Current milestone: Phase 5 (H.O.R.S.E Variant & Agentic Resilience).

The official rules and project architecture live in:

- `docs/rules_v1_option_a.md`
- `docs/architecture.md`
- `docs/tos_safety.md`

## Core Benchmark Properties

- Game Modes: `holdem` (V1) or `horse_v2` (V2)
- Players: 4 by default, configurable from 3 to 6
- Betting: full no-limit, including all-in and side pots
- Shared state: persistent public pool carried across hands (board cards + stud up-cards)
- Memory check: explicit `believed_pool` verification step
- Metacognition: Default winner action is `continue`, but models can tactically choose `reset`
- Official tracks: `frontier` and `efficiency`
- Resilience: Relaxed JSON parsing mode for ultra-verbose "Reasoning" models

## Supported Flagship Models (April 2026 Roster)

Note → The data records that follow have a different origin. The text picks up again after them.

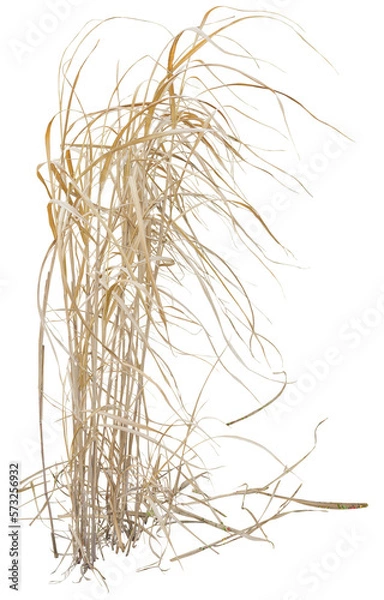 Obraz Isolated cutout PNG of dry reeds on a transparent background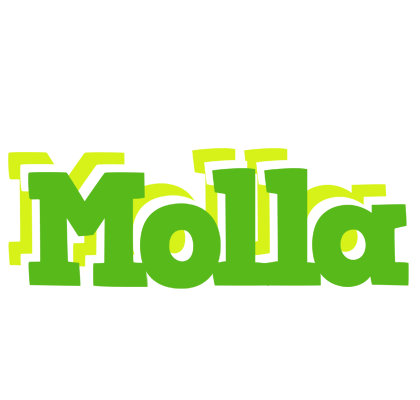 Molla picnic logo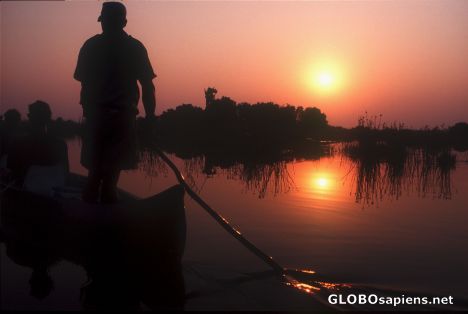 Postcard Okavango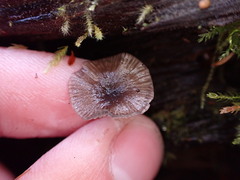 Pseudoclitocybe cyathiformis
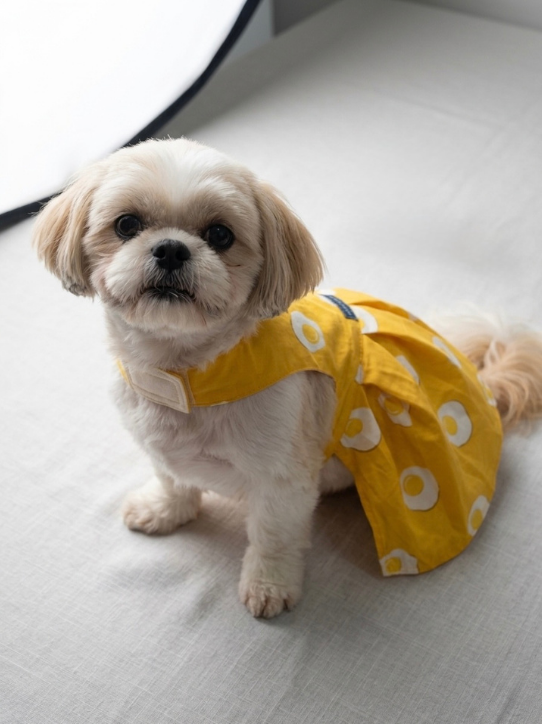 Yellow - Egg Print Frock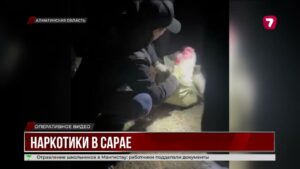 В Алматинской области задержаны наркодельцы с 24 кг синтетического наркотика
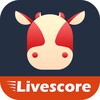 Calfscore-Sports livescore icon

- **Gemini 3.1 Pro** & **Gemini 3 Flash** (Google)
- **GPT-5.5** & **GPT-5.4 Mini** (OpenAI)
- **Grok 4.20 Reasoning** & **Grok 4.1 Fast** (xAI)
- **Mistral Large latest** & **Mistral Small 4** (Mistral AI)
- **DeepSeek V4 Pro** (DeepSeek)

## Roadmap

1. Phase 0 - finalized rules, model registry, architecture, packaging
2. Phase 1 - core game engine and hand evaluator
3. Phase 2 - LLM integration through LiteLLM with strict JSON outputs
4. Phase 3 - tournament orchestration and metrics
5. Phase 4 - public release assets and demo
6. **Phase 5 (Active) - H.O.R.S.E variants, incremental JSONL writing, and Diabolical Survival Mode**

## Quick Start

```bash
python -m venv .venv
source .venv/bin/activate
pip install -e '.[dev,llm,ui]'
pytest
```

## CLI Workflow

List the official benchmark roster:

```bash
persistentpoker-bench models
persistentpoker-bench models --track frontier
```

Run a live LiteLLM-backed tournament from JSON config (Incremental writing supported):

```bash
persistentpoker-bench run \
  --config ./configs/horse_v2_frontier_mistral_2026-04-29.json \
  --outdir ./artifacts/horse-v2-run
```

### V2 H.O.R.S.E Config Example (with relaxed parsing)

```json
{
  "track": "frontier",
  "game_mode": "horse_v2",
  "termination_rule": "hand_limit",
  "seeds": [20260429],
  "hand_count": 5,
  "base_seed": 0,
  "budget_caps": {
    "total_cost_cap": 25.0
  },
  "lineups": [
    {
      "lineup_id": "horse-v2-frontier",
      "entrants": [
        {
          "seat_name": "Mistral Large",
          "provider": "mistral",
          "model_id": "mistral-large-latest",
          "prefer_json_mode": false
        },
        {
          "seat_name": "Gemini 3.1 Pro",
          "provider": "gemini",
          "model_id": "gemini-3.1-pro",
          "extra_kwargs": {
            "thinking": { "type": "enabled", "budget_tokens": 256 }
          }
        }
      ]
    }
  ]
}
```

*Note: For Deep Reasoning models (GPT-5.5, Mistral Large, Grok 4.20), `prefer_json_mode: false` is highly recommended to prevent API crashes when the model outputs `<think>` blocks or verbose markdown.*

Play a live terminal session with one or more humans:

```bash
persistentpoker-bench play \
  --players "Alice,Bob,CPU1,CPU2" \
  --human-seats 1,2 \
  --hands 3 \
  --seed 20260428
```

Launch the replay web studio (Gradio):

```bash
persistentpoker-bench web --host 127.0.0.1 --port 7860
```

Hugging Face Space readiness:

- Space app entrypoint: `hf_space/app.py`
- Space dependencies: `requirements.txt`
- provider keys should be stored as **Space Secrets**, not hard-coded

## Release Artifacts

The public workflow now supports:

- **Resilient Incremental Logging**: `results.jsonl`, `match_summaries.jsonl`, `decision_traces.jsonl` are written match-by-match to prevent data loss on API timeout.
- CSV leaderboard export focusing on ROI and Chip Deltas
- budget caps per run, provider, and model
- LiteLLM multi-provider execution with exponential backoff retries
- Gradio replay UI with real-time markdown extraction

## License

TBD. MIT or Apache-2.0 are both compatible candidates.